Luego entró en el estudio,
cerró cuidadosamente la puerta, se volvió sin prisa e hizo una breve inclinación.
La cara del profesor de la camisa a cuadros y extraño proceder estaba adornada con
un bigote corto, pero muy espeso y aparecía algo tétrica. Se trataba de Alejandro
Gorcinski, “ayudante personal” de Komlin.
El director se sentó
en una butaca y miró hacia la ventana. Gorcinski se detuvo frente al inspector.
–Usted es… –empezó el
inspector.
–Gracias –murmuró el
ayudante de Komlin y se sentó, apoyando las palmas de las manos sobre sus rodillas
y mirando al inspector con ojillos grises y mal intencionados.
–…¿Gorcinski? –preguntó
el inspector.
–Gorcinski, Alejandro
Borisovic.
–Mucho gusto. Ribnikov,
inspector del SPL.
–Mu-chí-si-mo gus-to
–contestó Gorcinski, arrastrando las sílabas.
–¿Ayudante personal
de Komlin?
–Ignoro a qué se refiere.
Soy asistente en el laboratorio físico del Instituto Central del Cerebro.
El inspector miró a
Leman por el rabillo del ojo. Le pareció que en las esquinas de sus ojos brillaba
una sonrisa maligna.
–De acuerdo –dijo Ribnikov–.
¿En qué ha trabajado usted los últimos tres meses?
–En problemas de agopunción
neutrínica.
–¿No podría ser más
explícito?
–Hay un informe –cortó
Gorcinski de modo perentorio–. En él consta todo.
–A pesar de ello quisiera
rogarle que me diese más detalles –rogó el inspector con gran calma.
Durante unos segundos
se miraron fijamente, mientras el rostro del inspector empezaba a ponerse cada vez
más morado, y Gorcinski movió el bigote. Por fin el ayudante cerró lentamente los
ojos.
–Con mucho gusto –rugió–.
Seré más explícito. Se estudiaba el efecto de los haces neutrínicos encendidos sobre
las sustancias blanca y gris del cerebro, así como sobre el organismo interior de
los animales…
Gorcinski hablaba con
voz monótona, sin expresión. Parecía bambolearse en su asiento.

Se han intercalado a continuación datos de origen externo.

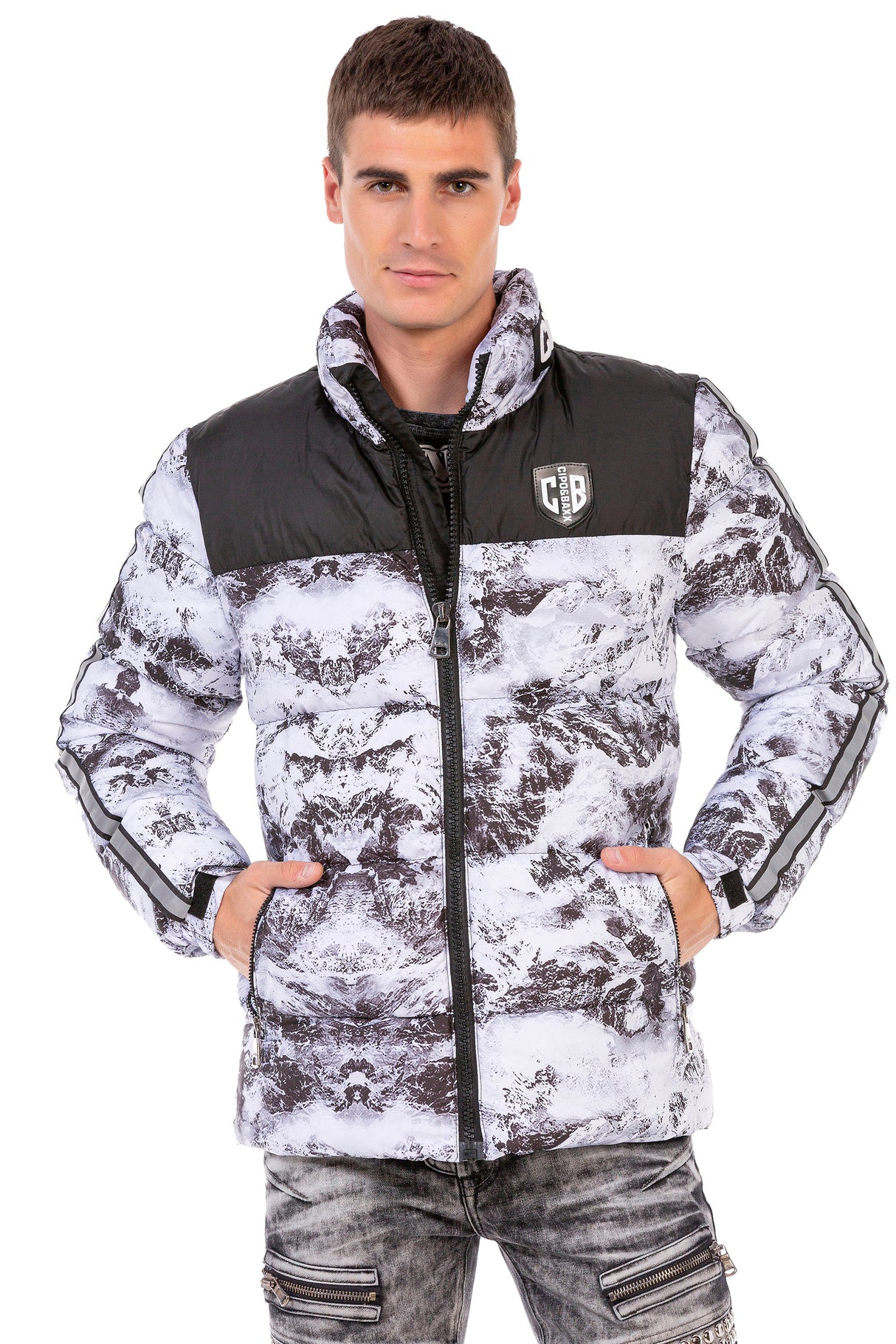CM183 Herren Winterjacke – Urbaner Print-Look mit Markenfutter & isolierter Kapuze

–Paralelamente se constataban
los cambios patológicos y otras imitaciones en el interior del organismo, se realizaban
mediciones de la corriente activa, de la disminución diferencial y de las curvas
de labialización en los distintos tejidos, determinándose también las cantidades
relativas de neuroglobulina y de neurostromina…
El inspector se recostó
en el respaldo de su butaca, conteniendo su rabia. Leman seguía, como antes, mirando
hacia la ventana mientras tamborileaba con los dedos sobre la mesa.
–¿Quiere decirme, camarada
Gorcinski, qué le pasa a sus manos? –preguntó el inspector inesperadamente. Odiaba
la defensa y le complacía atacar.
Gorcinski miró sus manos,
apoyadas en los brazos de la butaca, arañadas y cubiertas de cicatrices azules casi
sin cicatrizar e hizo un movimiento como si hubiese querido metérselas en el bolsillo.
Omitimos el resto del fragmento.